How to complete this task: Write the following entries out again exactly, skipping each image.

The data:

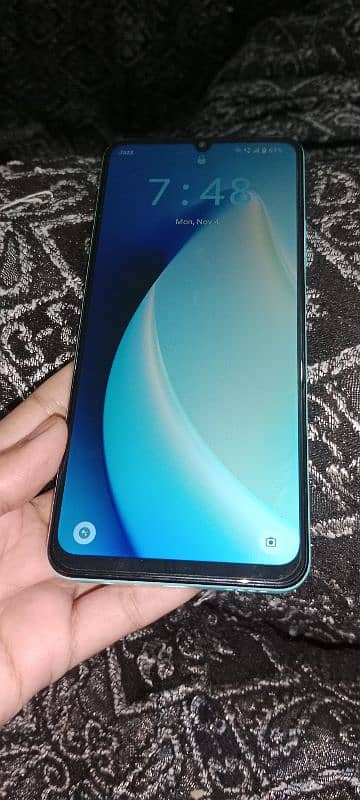 realme C51 8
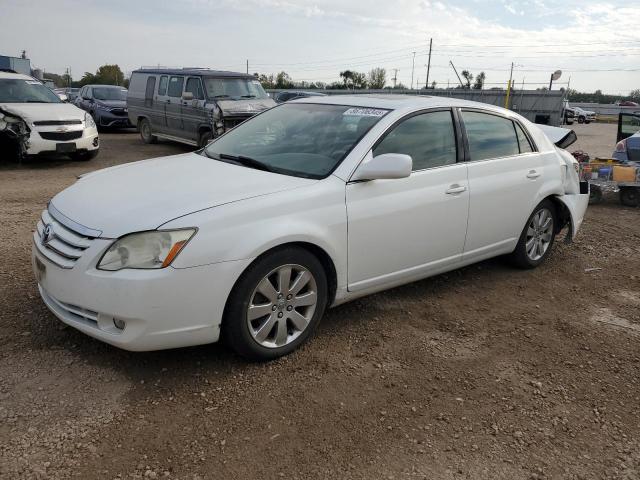 Global Auto Auctions: 2005 TOYOTA AVALON XL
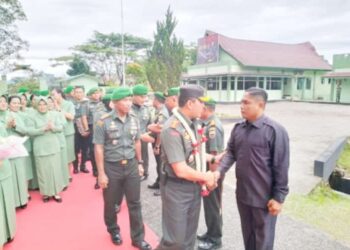 Kapolres Hadiri Kunjungan Kerja Danrem 022/Pantai Timur Kolonel Inf Tagor Rio Pasaribu di Kodim 0207/SML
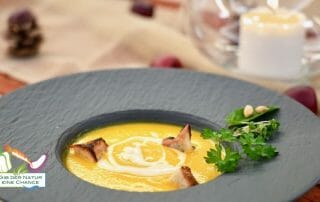 Rezept für Jetzt Karotten Ingwer Suppe mit Mandel-Pfefferschaum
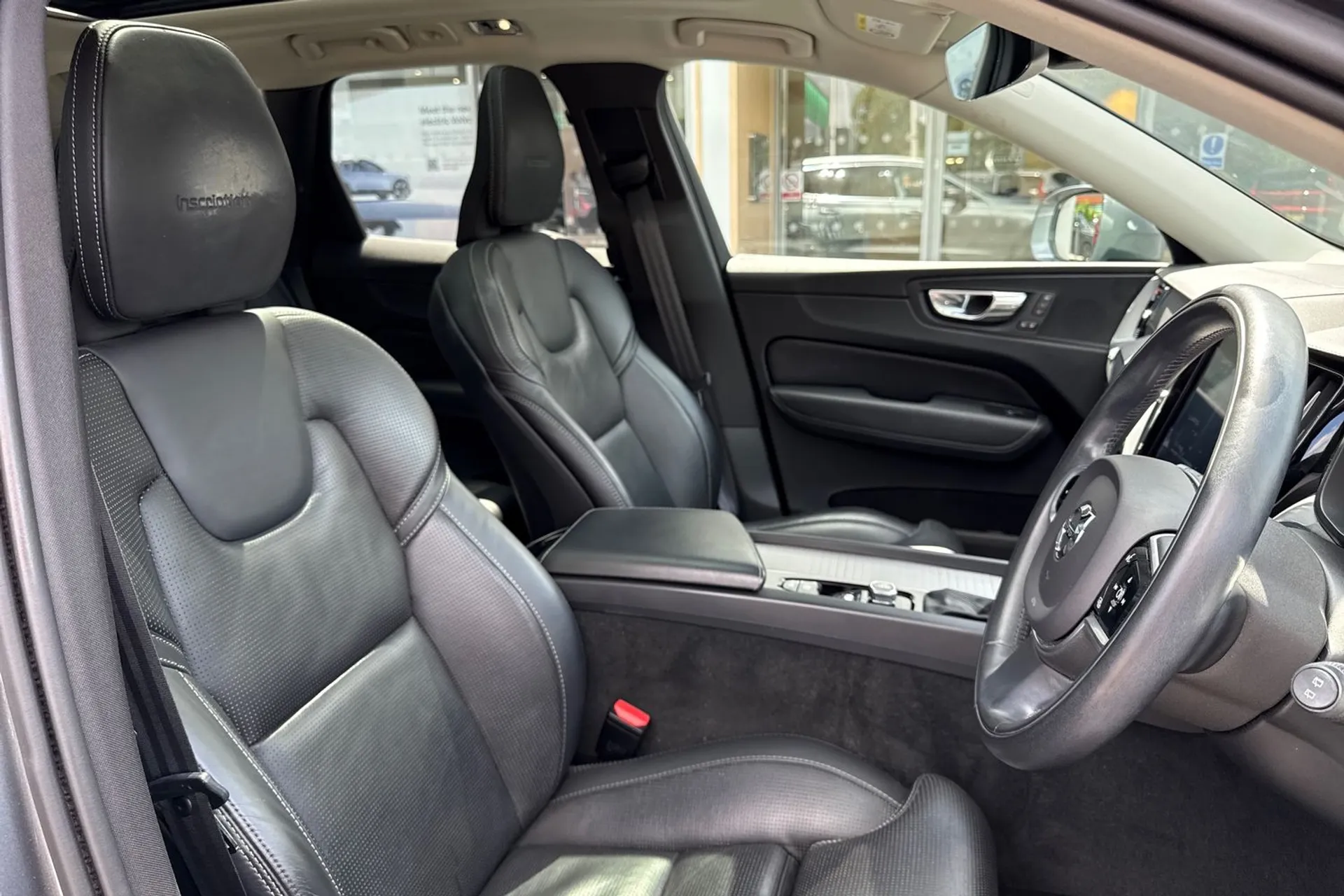 Volvo XC60 thumbnail image number 27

Answer space:
 realme C51 8
 Global Auto Auctions: 2005 TOYOTA AVALON XL
 Kapolres Hadiri Kunjungan Kerja Danrem 022/Pantai Timur Kolonel Inf Tagor Rio Pasaribu di Kodim 0207/SML
 Rezept für Jetzt Karotten Ingwer Suppe mit Mandel-Pfefferschaum
 Volvo XC60 thumbnail image number 27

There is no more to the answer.